L'Organisation mondiale de la santé (OMS) a averti la semaine dernière que le monde fait face à une recrudescence inquiétante du choléra, après des années de déclin. En effet, durant les neuf premiers mois de l'année, 26 pays ont fait état d'épidémies, contre moins de 20 par an entre 2017 et 2021. L’OMS a également précisé que le nombre de décès dû à cette maladie a considérablement augmenté dernièrement. Le taux moyen de létalité lié au choléra enregistré en 2021 est presque trois fois plus élevé qu'au cours des cinq précédentes années.
Comment expliquer cette situation ? D’après l’Organisation onusienne, les événements climatiques extrêmes tels que les inondations, les cyclones et les sécheresses réduisent davantage l'accès à l'eau potable, ce qui crée un environnement idéal pour le développement du choléra.
Doit-on alors craindre la réapparition de cette maladie dans notre pays ? Contacté par nos soins, Dr Mouad Mrabet, coordinateur du Centre national des opérations d’urgence de santé publique au ministère de la Santé, assure que le risque d’apparition d’une épidémie de choléra au niveau national est très faible. «Aucun cas de choléra n’a été détecté au Maroc depuis 1997. Il faut savoir que les principaux facteurs qui jouent un rôle important dans l’apparition de l’épidémie du choléra et son développement sont la dégradation des conditions d'hygiène et les problèmes d'assainissement et d'accès à l'eau potable. Or, le Maroc dispose d’un bon niveau d’assainissement et d’accès à l’eau potable. De ce fait, le risque d’apparition de l’épidémie de choléra dans le Royaume est très faible», explique-t-il.

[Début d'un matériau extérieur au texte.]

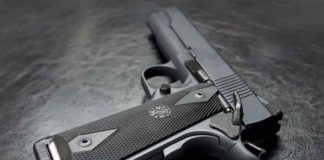 Bambina uccide sorellina con un colpi di pistola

Dr Mrabet indique, en outre, que le risque zéro n’existe pas. «Que ce soit au Maroc ou dans des pays développés en Europe, par exemple, il y a toujours le risque d’avoir un cas importé. Et comme le choléra est une maladie très contagieuse, les cas pourront se multiplier rapidement. Rappelons que dès l’apparition d’un cas suspect dans le pays, celui-ci sera déclaré. Et s’il est confirmé, il sera ensuite pris en charge», a précisé le responsable. Ce dernier affirme, par ailleurs, que la prise en charge de cette infection s’est nettement améliorée en comparaison avec le passé.

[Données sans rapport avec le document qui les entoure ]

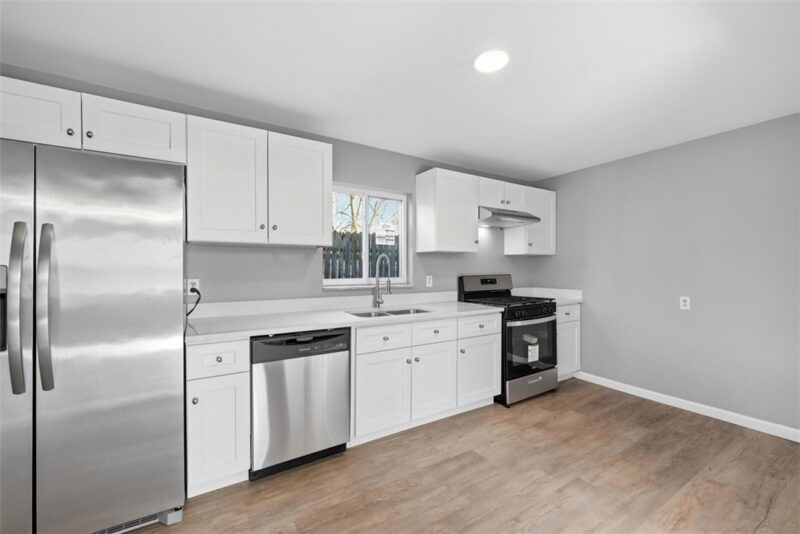 1381 Pocono St — photo 4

De son côté, Dr Tayeb Hamdi, médecin, chercheur en politiques et systèmes de santé, souligne que le système de santé marocain peut bien faire face à une épidémie de choléra, même si les risques sont faibles. «Cette maladie se développe essentiellement dans des zones très peuplées, avec un accès limité à l'eau potable ou sans réseaux d'assainissement. C'est pourquoi on ne peut pas vraiment dire que le Maroc court le risque de développer une épidémie de choléra. Mais à cause des changements climatiques, on n’est jamais à l’abri de déclenchement de ce genre de maladie. Heureusement, le Maroc a la capacité de retrouver la source de contamination rapidement et d'encercler les nouveaux cas s’ils apparaissent et les prendre en charge», déclare au «Matin», Dr Hamdi. Ce dernier rappelle que le choléra est une infection diarrhéique aiguë causée par l'absorption d'eau ou de produits alimentaires contaminés par la bactérie vibrio cholerae. «Elle se déclenche par une diarrhée et des vomissements continus provoquant une déshydratation qui peut être mortelle en l'absence de traitement. Celui-ci consiste essentiellement en la réhydratation orale. Le meilleur moyen de prévenir cette infection est d’avoir une hygiène de vie irréprochable», affirme le médecin.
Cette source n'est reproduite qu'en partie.